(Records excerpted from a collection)
....................

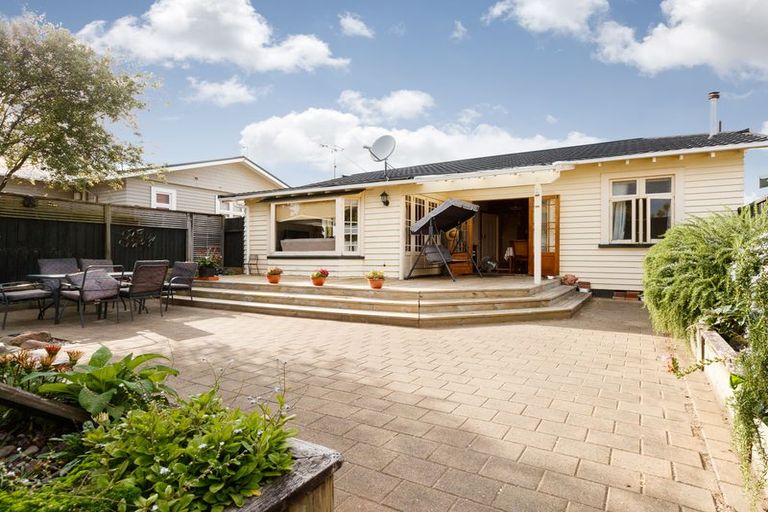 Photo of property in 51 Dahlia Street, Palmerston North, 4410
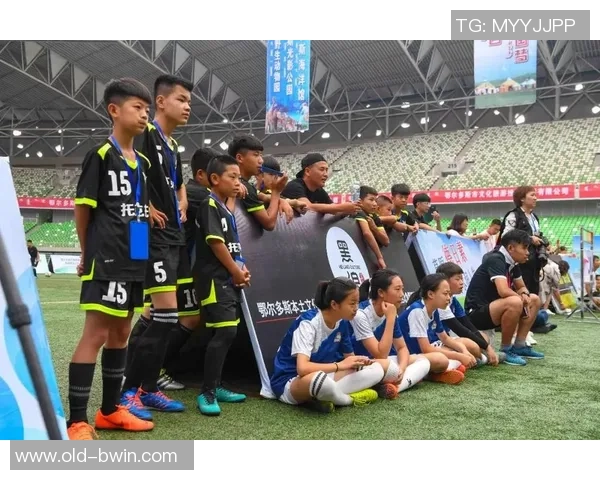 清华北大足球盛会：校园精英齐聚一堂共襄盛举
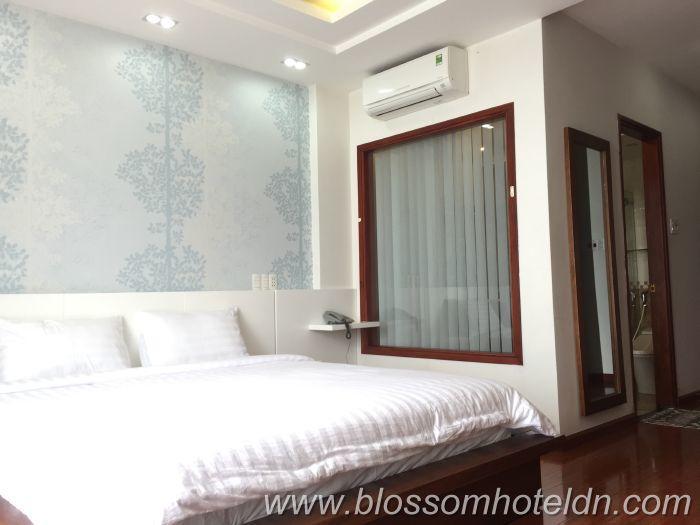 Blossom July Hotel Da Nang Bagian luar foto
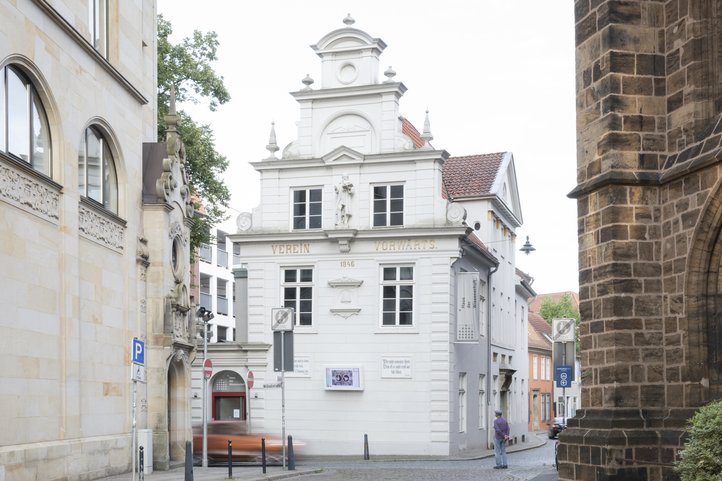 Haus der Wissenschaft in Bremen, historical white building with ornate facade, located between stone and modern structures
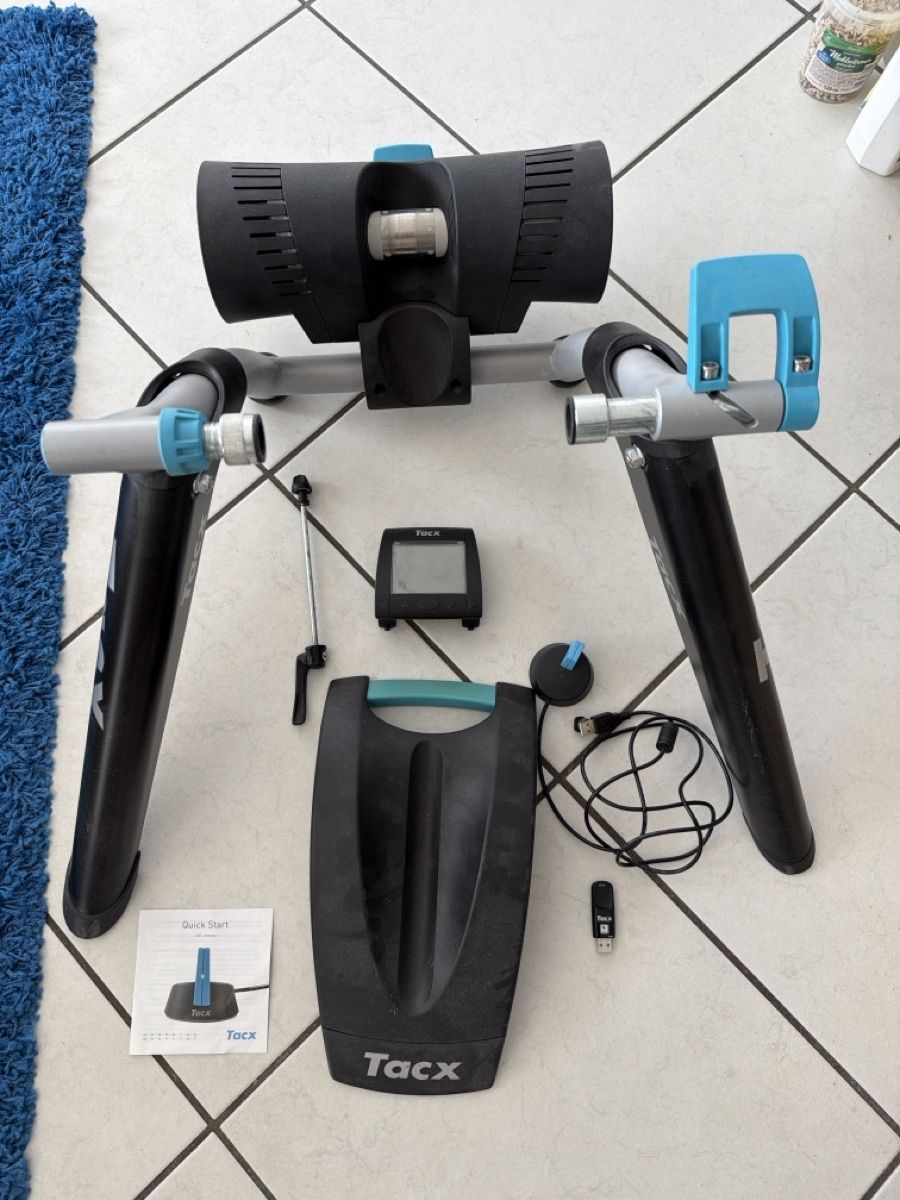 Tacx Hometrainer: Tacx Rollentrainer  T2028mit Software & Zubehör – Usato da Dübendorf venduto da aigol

....................

=== ASSIGNMENT ===
Return the records above verbatim, images excluded.

=== SOLUTION TO THE EXERCISE ===
 Photo of property in 51 Dahlia Street, Palmerston North, 4410
 清华北大足球盛会：校园精英齐聚一堂共襄盛举
 Blossom July Hotel Da Nang Bagian luar foto
 Haus der Wissenschaft in Bremen, historical white building with ornate facade, located between stone and modern structures
 Tacx Hometrainer: Tacx Rollentrainer  T2028mit Software & Zubehör – Usato da Dübendorf venduto da aigol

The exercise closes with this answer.